Barbara, 30 ans: “Je me suis rendue à un événement car j’avais vu qu’il était censé y être”

« En 2019, j’ai dansé, flirté et embrassé un très beau garçon à WECANDANCE. Nous avons tout de suite eu un bon feeling. Nous ne nous sommes pas revus par la suite, mais nous nous suivons depuis lors sur les réseaux sociaux. Il m’arrive de répondre à ses stories, mais cela ne va jamais plus loin. Il est DJ/influenceur et publie souvent des photos de soirées branchées. Une fois, j’ai osé me rendre à l’un de ses événements parce que je savais, grâce à ses réseaux sociaux, qu’il était censé y jouer, mais nous n’avons fait que bavarder brièvement. Je réalise que je le connais à peine, mais j’ai vraiment l’impression qu’il est l’homme de mes rêves. Il est si chouette et intéressant et je pense que nous irions bien ensemble, s’il nous donnait une chance. »

Thomas, 36 ans: “J’ai installé un logiciel espion dans son ordinateur”

« Il y a quelques années, mon petit ami de l’époque et moi traversions une phase difficile. Nous nous disputions et, je le soupçonnais d’infidélité. En tant qu’informaticien, j’ai souvent de vieux ordinateurs portables qui traînent. Sur l’un d’eux, j’ai installé un logiciel espion et je lui ai offert en cadeau pour pouvoir vérifier avec qui il était en contact. Lorsque mes soupçons se sont avérés exacts, j’ai bloqué à distance cet ordinateur portable. Non, je ne l’ai pas confronté et nous n’en avons jamais parlé. Je n’avais pas la maturité nécessaire pour gérer la situation correctement à l’époque. Aujourd’hui, je m’y prendrais tout à fait différemment, je lui en parlerais et je ne me comporterais pas de manière aussi obsessionnelle et peu sûre de moi. C’était une terrible erreur. Désormais, je sais mieux comment parler des signaux d’alarme potentiels et rester plus proche de moi-même. Espionner l’autre est un mécanisme utilisé lorsque l’on ne peut pas gérer ses propres émotions. C’est un moyen facile de tricher, mais ce n’est certainement pas le meilleur. »

Charlotte, 29 ans: “Je surveillais la nouvelle copine de mon ex”

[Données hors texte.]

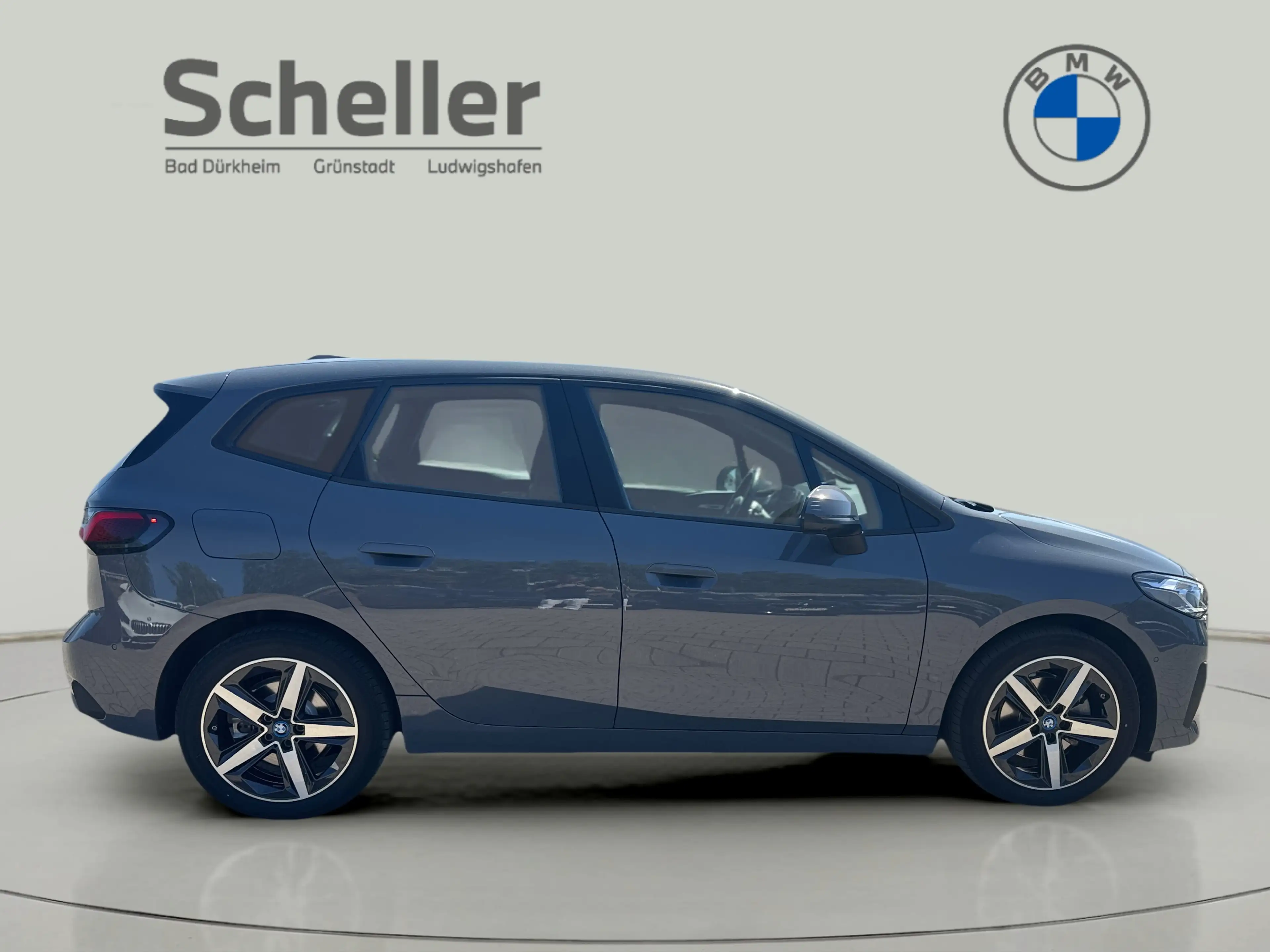 BMW 225 e xDrive Active Tourer — photo 9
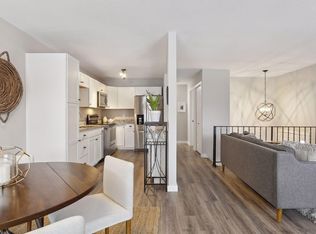 7513 Zinnia Way, Maple Grove, MN 55311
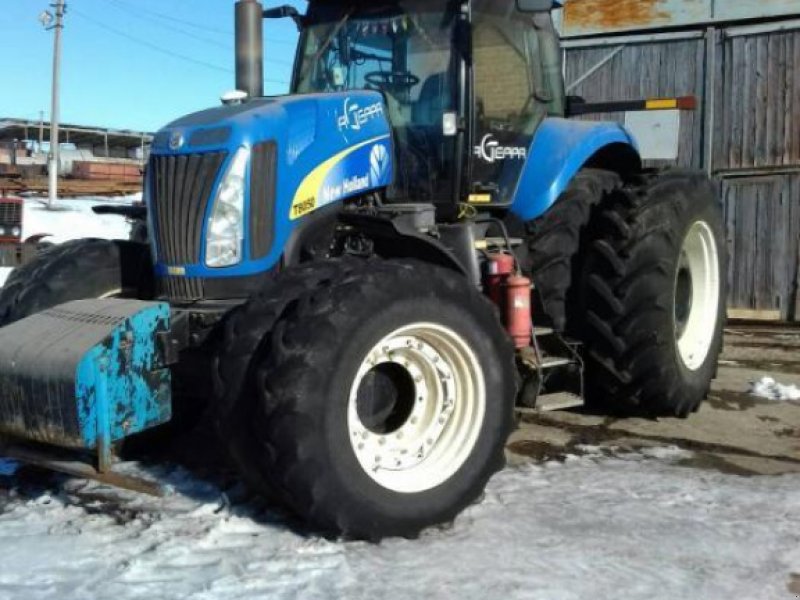 Oldtimer-Traktor tip New Holland T8050, Neumaschine in Балаклея (Poză 1)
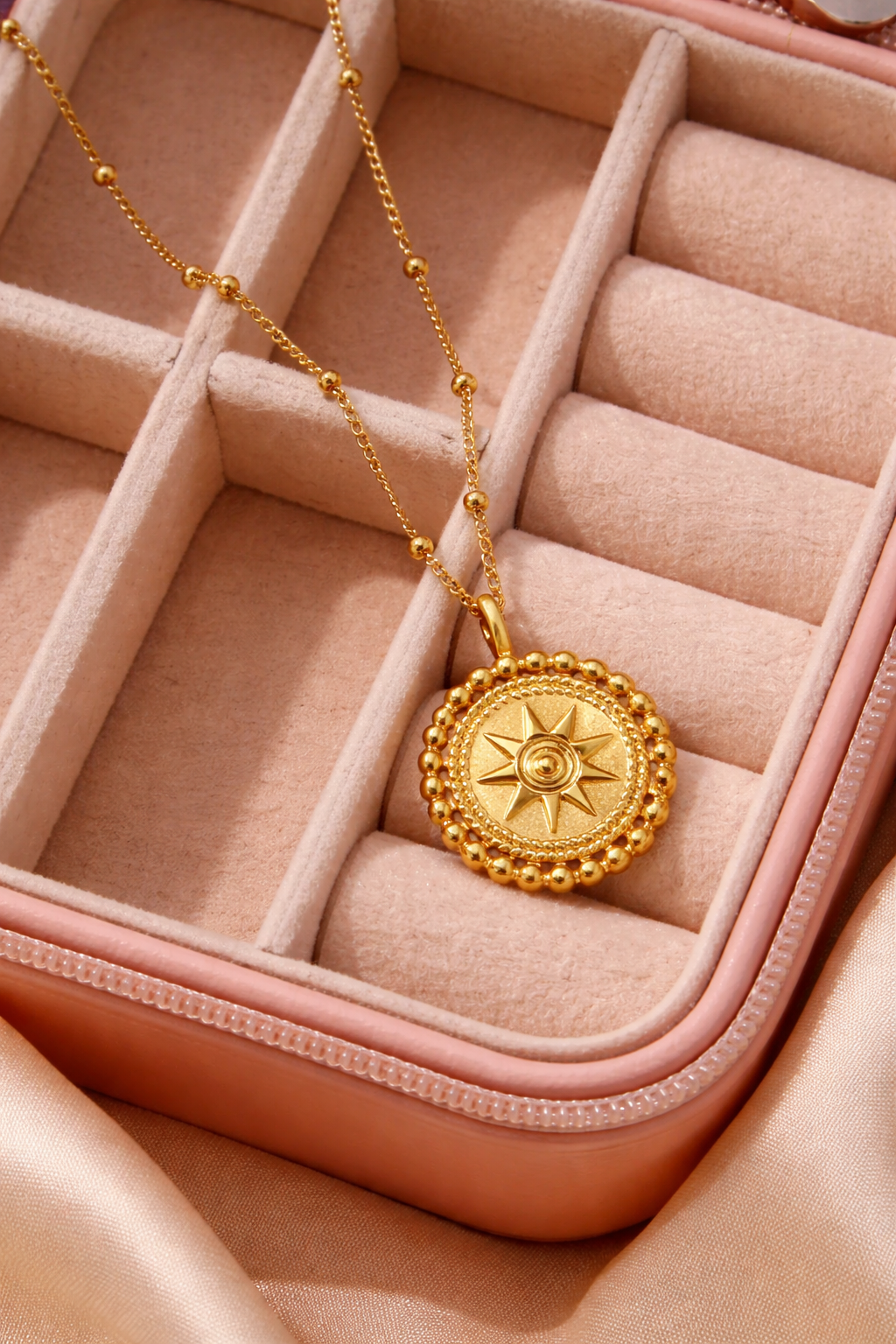 ✨ Gold Compass Medallion Necklace – Timeless Symbolic Elegance 🧭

« Après une rupture difficile, j’ai trouvé la nouvelle copine de mon ex sur les réseaux sociaux. Elle avait l’air extravertie et sexy, alors que je suis moi-même timide et peu sûre de moi. J’avais envie de la détester et en même temps, j’étais super jalouse. Je voulais ce qu’elle avait. Je la surveillais de près et j’ai même commencé à m’habiller comme elle. J’étais tellement perdue pendant cette période, la rupture m’avait totalement minée, je ne savais plus qui j’étais. Mes copines s’inquiétaient, car je changeais sous leurs yeux. Une fois, je l’ai croisée par hasard à un événement. Elle est venue me demander comment je me sentais, parce qu’elle avait entendu dire que je n’allais pas bien. J’ai été choquée de la voir si douce et si gentille, complètement différente de ce que j’imaginais. Pendant tout ce temps, je me l’étais représentée bruyante, prétentieuse et narcissique. J’ai réalisé à quel point mon obsession était stupide et que je m’étais basée sur une représentation imaginaire. Je m’étais comparée à une personne qui n’existait que dans ma tête. Avec l’aide de ma meilleure amie, j’ai décidé de mettre son profil en sourdine et de découvrir en thérapie qui j’étais, ce que je voulais. C’était urgent.»